Transcribe, with complete accuracy, all of the entries below except for the pictures.
+++ Material to process +++
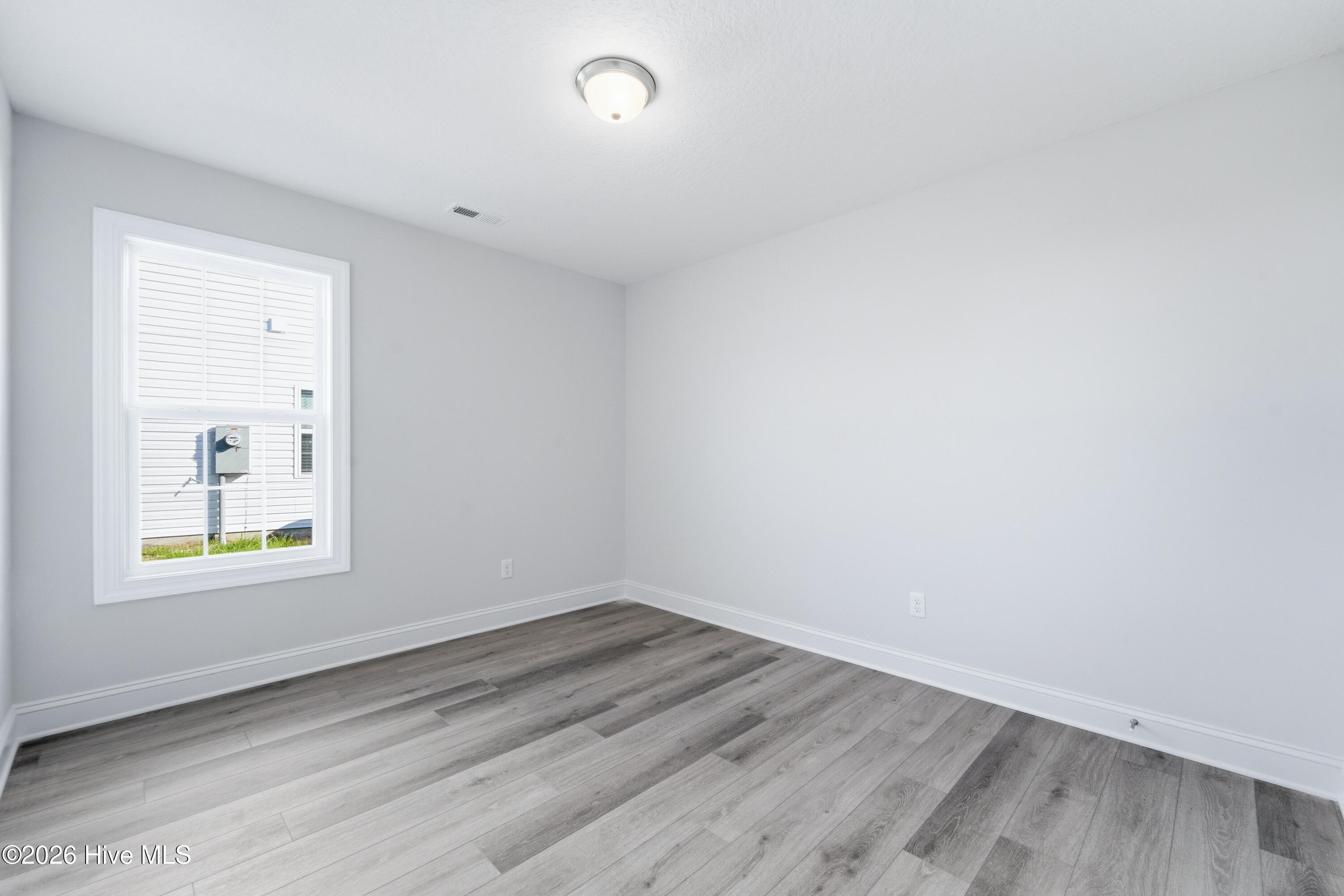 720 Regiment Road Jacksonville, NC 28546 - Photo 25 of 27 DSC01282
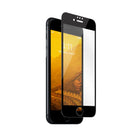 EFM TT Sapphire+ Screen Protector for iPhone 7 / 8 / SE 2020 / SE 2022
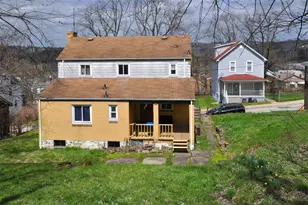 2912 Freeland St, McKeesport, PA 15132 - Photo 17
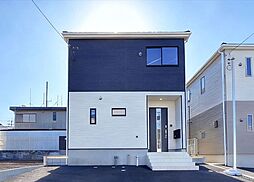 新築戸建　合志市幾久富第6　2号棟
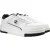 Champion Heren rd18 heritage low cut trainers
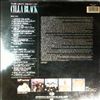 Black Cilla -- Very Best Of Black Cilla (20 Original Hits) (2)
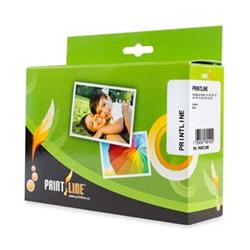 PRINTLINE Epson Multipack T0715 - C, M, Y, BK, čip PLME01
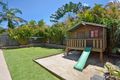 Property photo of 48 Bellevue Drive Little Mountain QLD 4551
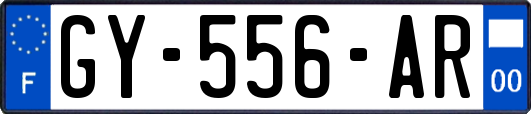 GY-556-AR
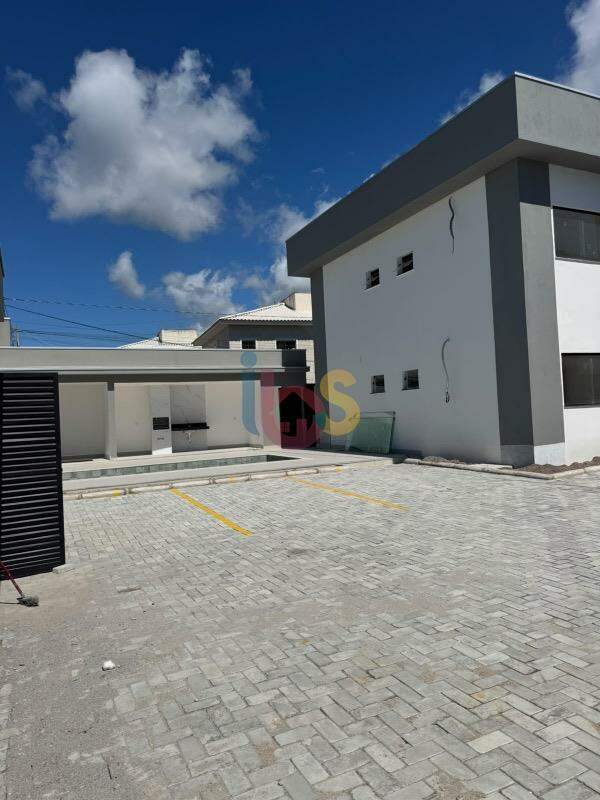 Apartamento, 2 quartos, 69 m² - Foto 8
+++
*Reply*.
 720 Regiment Road Jacksonville, NC 28546 - Photo 25 of 27 DSC01282
 EFM TT Sapphire+ Screen Protector for iPhone 7 / 8 / SE 2020 / SE 2022
 2912 Freeland St, McKeesport, PA 15132 - Photo 17
 新築戸建　合志市幾久富第6　2号棟
 Champion Heren rd18 heritage low cut trainers
 Black Cilla -- Very Best Of Black Cilla (20 Original Hits) (2)
 PRINTLINE Epson Multipack T0715 - C, M, Y, BK, čip PLME01
 Property photo of 48 Bellevue Drive Little Mountain QLD 4551
 GY-556-AR
 Apartamento, 2 quartos, 69 m² - Foto 8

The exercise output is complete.